Vitello kicked things off with a question no one actually asked: "When did you first think I was taking this job?"
It’s a question that implies a level of espionage, not the hiring of a baseball manager in the offseason. But for the next 20-or-so minutes, with some breaks to discuss bullpen arms and Jung Hoo Lee, Vitello broke down the timeline of his hiring as if it were re-creating a John Cusack movie.
And then, right in the middle of this forlorn monologue, he dropped a quote that should have every Giants fan doing some deep questioning of their own:
“Somebody tweeted it out,” Vitello said, referring to the news that the Giants were targeting (not hiring) him. “I don’t know who told them. I wish I did. It might’ve changed the course of history if I would’ve known who did, to be honest with you.”
He kept going.
“At that point, nothing was going to happen. But somebody decided that it was going to happen. Then, the whole world started spinning real quick.”
Wait, what?
My interpretation: This isn’t a guy saying, “It was a tough decision to leave Tennessee.” Of course it was. He was a god in Knoxville. He built a monster of a program. He was the best in the game in college baseball.
No, this is a guy effectively saying, “I got goaded into this job.”
This is a guy implying that if he could find the Twitter snitch who broke the news (which he says he didn’t read), he might still be wearing Volunteer Orange.
“Nothing was going to happen.” Until it did. Because, I guess, the internet said so.
And that begs the very loud, very uncomfortable question that nobody in the Giants’ front office wants to hear right now:
Does Tony Vitello actually want to be here?
Look, nobody can blame Vitello for missing the college game and reportedly talking about it in every media session this spring. That’s his entire frame of reference.
And it’s not like he left that behind to take over a World Series contender in San Francisco.
But forgive me if Monday’s sermon didn’t come across like a man ready to tackle the NL West. It sounded like someone with some significant second thoughts he’s been trying to bury but had to get off his chest.
And while I appreciate Vitello’s forthrightness, when you let it all out in front of cameras and microphones, you aren’t doing yourself any favor with the fan base that is, on the whole, skeptical of the outsider.
You know that everyone is going to see this, right? You’re forcing me to write columns, wondering if this bold experiment has failed before the first pitch of the Cactus League season is even thrown.
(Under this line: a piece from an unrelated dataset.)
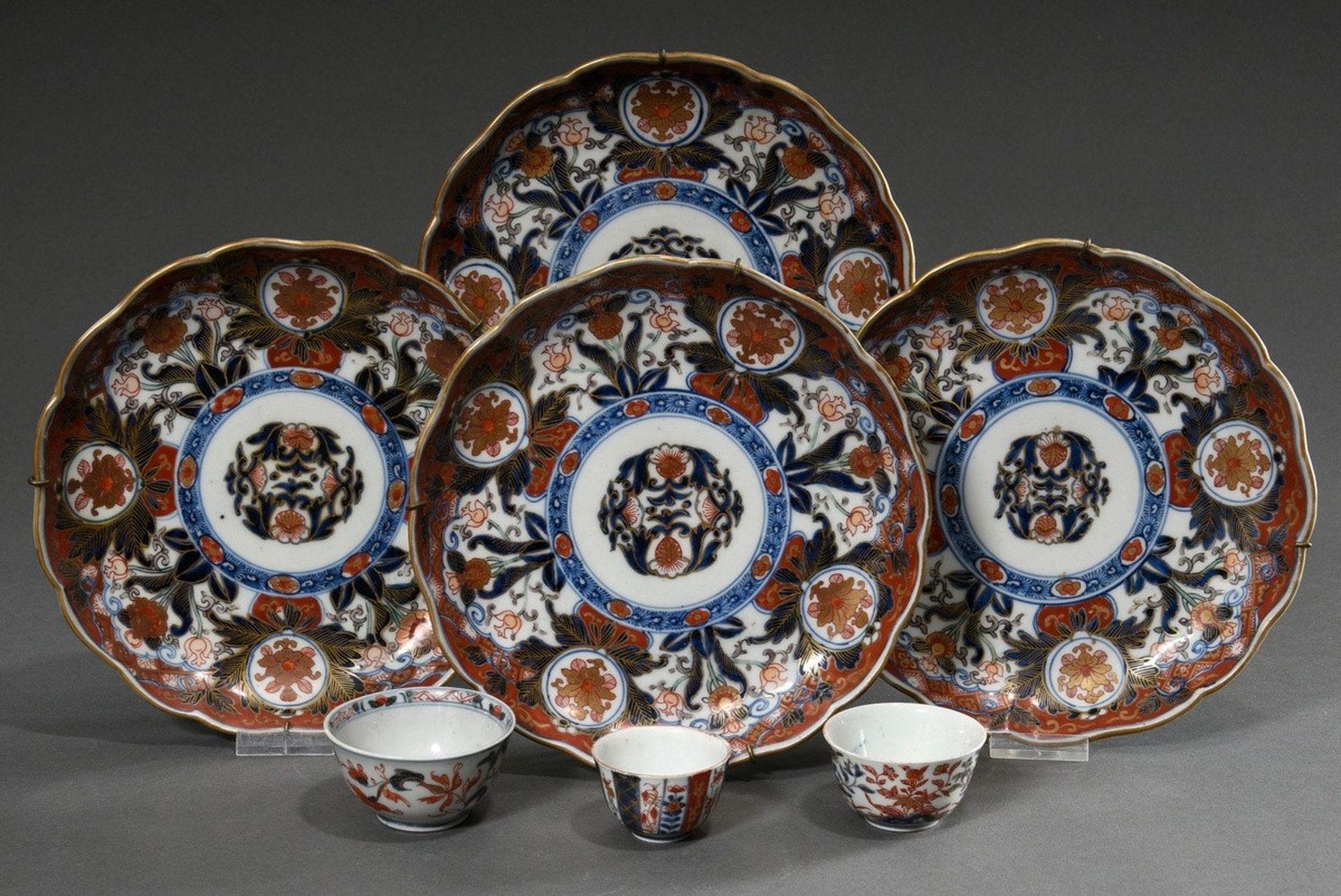 7 Various Japanese porcelains with Imari décor in underglaze blue, iron red and gold: 3 various sak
I don’t know Vitello yet. I only know of him. And I wanted to give him a long, long leash because the people I know who do know him swear he’s great. This is also, unquestionably a big transition.
But after listening to his presser — the whole thing, not a single snippet — a few times now, the circumstances of Monday were weird at best and alarming at worst.
Vitello is no dummy. He eventually tried to pivot, claiming, “It’s probably time, after today, to divide the line in the sand …You know you can, you can love [your past] equally to your current place as well.”
So perhaps this was the final catharsis — a last look back towards the impressive footprints he left behind him.
It better be.
But regardless, the damage is done. He just set himself up by publicly bemoaning “what if?”
How can he, I, or anyone counter the question that is going to inevitably come this spring: If Vitello is down this bad in the low-stakes breeziness of a cloudy February in Scottsdale, Ariz., what happens when the real pressure cooker of a big-league season heats up?
What happens in June when the Giants are six games back of the Dodgers and three back of a wild-card spot? What happens when the intractable pull toward .500 baseball that has cursed the Giants grabs hold of the team once again?
Will we be back at the table, wondering where it all went so wrong?
I can appreciate leaving your heart somewhere special. They play a Tony Bennett song about that phenomenon after every Giants home game.
And one has to presume Vitello’s heart is still in Knoxville.
But his head needs to be with San Francisco.